Friday, June 16, 2017

"The Sitcom-Writtng Counterpart To Yesterday's Post About Baseball"

With apologies to people who prefer baseball to sitcoms.  And retroactive apologies to people who prefer sitcoms to baseball.  It seems impossible to please everyone at the same time, though Lord knows I try.  Wait.  What about people who dislike both of them?  Oh my.  What an impossible undertaking this is.

Yesterday I discussed baseball executives – their eyes focused exclusively on “sabermetrically” derived efficiency standards, and, giving no thought to the consequences, unintended and otherwise – changing the way baseball had been played since its venerable inception. 

Everyone knowing exactly what their role is; everyone playing their predictable part in the process – gone.  This was definitely different, though the jury remains out about “better.”  All I know is – and I don’t even know this, I am merely speculating – nobody ever went into baseball dreaming, “I want to be the best dang left fielder, right fielder, shortstop, second and first baseman the game of baseball has ever seen!”  Yet that’s the job – one example among many – that Dodgers Kike (pronounced, thankfully, “Keekay”) Rodriguez has been designated to perform.

Forget iconic John Fogerty’s

“Look at me, gotta be, centerfield.”

Baseball teams are no longer a collection of well-practiced specialists.  They are not even a team.  They are instead a 40-man roster of interchangeable components – a radical reworking of the inherent nature of the enterprise.

As is the following.

But before “the following”, some illuminating background.

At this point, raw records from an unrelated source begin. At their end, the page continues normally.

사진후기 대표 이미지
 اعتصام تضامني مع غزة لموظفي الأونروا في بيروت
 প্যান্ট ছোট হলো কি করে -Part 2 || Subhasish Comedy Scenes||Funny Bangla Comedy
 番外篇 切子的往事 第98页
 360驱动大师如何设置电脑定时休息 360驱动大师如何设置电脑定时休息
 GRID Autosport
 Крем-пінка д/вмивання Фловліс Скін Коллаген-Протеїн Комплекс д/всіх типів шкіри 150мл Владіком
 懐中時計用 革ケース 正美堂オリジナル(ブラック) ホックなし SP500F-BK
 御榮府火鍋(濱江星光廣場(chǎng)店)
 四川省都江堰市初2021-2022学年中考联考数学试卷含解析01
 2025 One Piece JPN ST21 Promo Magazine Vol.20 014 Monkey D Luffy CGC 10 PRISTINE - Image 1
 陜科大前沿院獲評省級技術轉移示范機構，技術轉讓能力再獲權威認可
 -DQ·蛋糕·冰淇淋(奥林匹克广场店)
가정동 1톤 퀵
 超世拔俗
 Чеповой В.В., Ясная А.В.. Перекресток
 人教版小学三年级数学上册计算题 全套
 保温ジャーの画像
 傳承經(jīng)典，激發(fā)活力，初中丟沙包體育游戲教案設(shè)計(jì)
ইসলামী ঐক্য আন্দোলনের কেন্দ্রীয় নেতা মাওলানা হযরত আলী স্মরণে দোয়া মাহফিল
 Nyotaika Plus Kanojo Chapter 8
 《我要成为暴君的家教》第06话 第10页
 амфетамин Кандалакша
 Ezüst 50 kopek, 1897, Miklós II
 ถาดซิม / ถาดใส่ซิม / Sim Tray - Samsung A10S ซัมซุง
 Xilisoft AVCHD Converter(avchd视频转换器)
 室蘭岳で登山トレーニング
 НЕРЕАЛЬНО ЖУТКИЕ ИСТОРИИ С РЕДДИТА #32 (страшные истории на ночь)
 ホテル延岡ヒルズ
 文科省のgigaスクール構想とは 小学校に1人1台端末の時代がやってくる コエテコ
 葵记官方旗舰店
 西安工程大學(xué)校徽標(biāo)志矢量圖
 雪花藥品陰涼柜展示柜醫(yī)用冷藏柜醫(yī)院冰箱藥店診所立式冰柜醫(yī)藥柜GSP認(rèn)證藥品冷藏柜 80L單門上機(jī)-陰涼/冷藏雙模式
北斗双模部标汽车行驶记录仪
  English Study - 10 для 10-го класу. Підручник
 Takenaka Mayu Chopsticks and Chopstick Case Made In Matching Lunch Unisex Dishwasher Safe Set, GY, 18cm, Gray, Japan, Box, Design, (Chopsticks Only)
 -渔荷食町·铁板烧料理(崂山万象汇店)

Before my time – during the fifties and much of the sixties – half-hour comedy scripts were written primarily by freelance, or what were called, “outside writers.”  Why so?  Because the network “season order” was then thirty-nine episodes.  Miniscule writing staffs (of maybe two writers) could not possibly crank out that much material.  As a result, accomplished outside writers were brought in and, after story meetings to develop the ideas – frequently suggested by the outside writers themselves – the writer went home and they fashioned the script.  A week or so later, they handed it in, and the staff took over from there, polishing the episode before imminent production.

That’s how it worked back then.  A writer – or an established team of two writers – would write the script, the staff then making minor adjustments to get it in shape.  Frequently, because the original effort was capably executed, or because there was minimal time to do otherwise, the script was broadcast almost exactly as it was delivered.  What we saw is what they wrote.  As they say in the Bible,

“And it was good.”

… for the outside writer seeing their work broadcast almost exactly, “As written.”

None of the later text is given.